La canción sirve como primer anticipo del próximo Ep que publicará el sello Ernie Records. Y, lejos de ser un simple aperitivo discográfico, funciona como una especie de declaración programática, un pequeño manifiesto emocional envuelto en guitarras eléctricas y actitud.
Detrás de esta nueva etapa se encuentran las cuatro integrantes de la banda: Raquel Cerro, Charlotte Augusteijn, Elena Sabio e Irene Garrido. El cuarteto madrileño atraviesa un momento de especial complicidad creativa, una suerte de conjunción astral (o, si se prefiere, alquimia de local de ensayo) que ha reforzado tanto su cohesión interna como su presencia sobre el escenario.
Quienes han seguido de cerca la trayectoria del grupo saben que su relación con el público no es un simple intercambio entre banda y audiencia. Es más bien una fraternidad ruidosa, un pequeño aquelarre indie donde guitarras, sudor y coros compartidos terminan generando una conexión casi litúrgica. Ese vínculo, tejido a base de conciertos, kilómetros de carretera y noches de amplificadores al rojo vivo, ha contribuido a consolidar una comunidad fiel alrededor del grupo.
En ese contexto aparece “Amiamiga”, una canción que parece situarse justo en el epicentro de las emociones incómodas: el lugar donde las rupturas duelen, pero también donde germinan las decisiones más valientes.

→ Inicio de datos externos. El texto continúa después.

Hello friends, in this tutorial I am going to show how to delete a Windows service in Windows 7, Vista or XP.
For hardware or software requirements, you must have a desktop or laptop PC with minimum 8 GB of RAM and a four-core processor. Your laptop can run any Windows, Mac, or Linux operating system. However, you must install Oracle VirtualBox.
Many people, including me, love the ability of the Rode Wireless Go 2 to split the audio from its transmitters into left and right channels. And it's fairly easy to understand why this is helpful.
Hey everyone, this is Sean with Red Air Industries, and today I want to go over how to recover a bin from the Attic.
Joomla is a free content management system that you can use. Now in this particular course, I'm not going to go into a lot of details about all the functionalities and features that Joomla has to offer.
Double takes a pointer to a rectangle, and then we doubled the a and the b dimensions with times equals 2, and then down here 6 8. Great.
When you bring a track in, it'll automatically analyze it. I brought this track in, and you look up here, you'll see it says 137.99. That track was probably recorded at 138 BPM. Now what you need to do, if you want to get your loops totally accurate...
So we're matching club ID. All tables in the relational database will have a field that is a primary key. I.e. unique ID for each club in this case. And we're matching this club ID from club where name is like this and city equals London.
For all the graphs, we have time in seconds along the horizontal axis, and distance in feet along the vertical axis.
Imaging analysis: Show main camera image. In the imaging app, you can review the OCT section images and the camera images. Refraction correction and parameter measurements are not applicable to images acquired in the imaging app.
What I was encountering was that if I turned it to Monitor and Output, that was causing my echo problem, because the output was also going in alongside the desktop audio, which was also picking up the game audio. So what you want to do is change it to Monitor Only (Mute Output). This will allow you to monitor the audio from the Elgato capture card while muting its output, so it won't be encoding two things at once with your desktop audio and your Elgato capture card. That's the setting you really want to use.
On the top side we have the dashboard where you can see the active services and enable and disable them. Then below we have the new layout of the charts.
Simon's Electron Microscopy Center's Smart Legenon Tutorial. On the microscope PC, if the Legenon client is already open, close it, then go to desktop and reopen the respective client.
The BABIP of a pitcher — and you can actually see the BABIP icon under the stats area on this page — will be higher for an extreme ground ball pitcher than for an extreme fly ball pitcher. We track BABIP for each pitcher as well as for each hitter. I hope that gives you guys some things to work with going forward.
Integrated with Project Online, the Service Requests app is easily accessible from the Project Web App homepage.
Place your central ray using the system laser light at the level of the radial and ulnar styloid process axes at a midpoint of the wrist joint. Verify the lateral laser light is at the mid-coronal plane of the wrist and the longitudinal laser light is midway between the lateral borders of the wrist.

Lejos de recrearse en la melancolía o en el lamento interminable, el tema propone algo más interesante: transformar el descalabro sentimental en combustible creativo.
Musicalmente, la banda mantiene su identidad directa y electrificada, aunque introduce matices que sugieren una evolución en su discurso. Hay riffs que avanzan con determinación, letras que mezclan ironía y sinceridad, y una atmósfera que oscila entre la mordacidad y la vulnerabilidad. Todo ello envuelto en ese aroma ligeramente irreverente y descarado que caracteriza a Shego.
“Amiamiga”, en definitiva, no llega para repetir fórmulas ni para perpetuar inercias. Más bien actúa como una bisagra entre lo que la banda ha sido y lo que está empezando a convertirse. Es la canción que aparece cuando una etapa se resquebraja y, entre los escombros emocionales, empieza a asomar algo nuevo.
Si este primer adelanto marca la brújula del próximo trabajo del grupo, el futuro inmediato de Shego promete ser cualquier cosa menos anodino. Porque cuando una banda decide dar un volantazo creativo, sacudir el polvo de las botas y volver al ruedo con semejante desparpajo, lo mínimo que puede hacer el público es prestar atención… y subir el volumen.